In Büros herrscht vielfach eine Kultur der Verlogenheit

Im Gegenteil: Es geht ihnen gut, blendend sogar. Ist ja auch logisch: Wenn jemand eine Aufgabe, eine Verantwortung nicht übernimmt, dann erspart er oder sie sich damit erst einmal Aufwand, Stress und Energie – die dann ein anderer aufbringen muss. Denn im Beruf und Leben werden ja meist keine Luxusaufgaben verteilt, auf die man gut und gerne auch verzichten könnte. Dabei ist die Arbeit in vielen Unternehmen nicht weniger, sondern mehr geworden, zum Beispiel wegen der Digitalisierung.

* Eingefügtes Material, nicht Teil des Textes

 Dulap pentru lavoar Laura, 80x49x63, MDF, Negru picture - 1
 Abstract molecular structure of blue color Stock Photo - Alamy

Der amerikanische Forscher Robert Paulsen fand heraus, dass in der Arbeitswelt und insbesondere in deren Büros vielfach eine Kultur der Verlogenheit und Leistungsvermeidung vorherrscht. Viele der Auskunftspersonen seiner Studie gaben an, keinen Sinn in ihrer Arbeit zu sehen und lediglich zur Arbeit oder ins Büro zu gehen, um ihre Rechnungen bezahlen zu können. Man arbeitet, weil man arbeiten muss, nicht um Leistung zu erbringen. Diese Einstellung greift in jüngster Zeit epidemisch um sich.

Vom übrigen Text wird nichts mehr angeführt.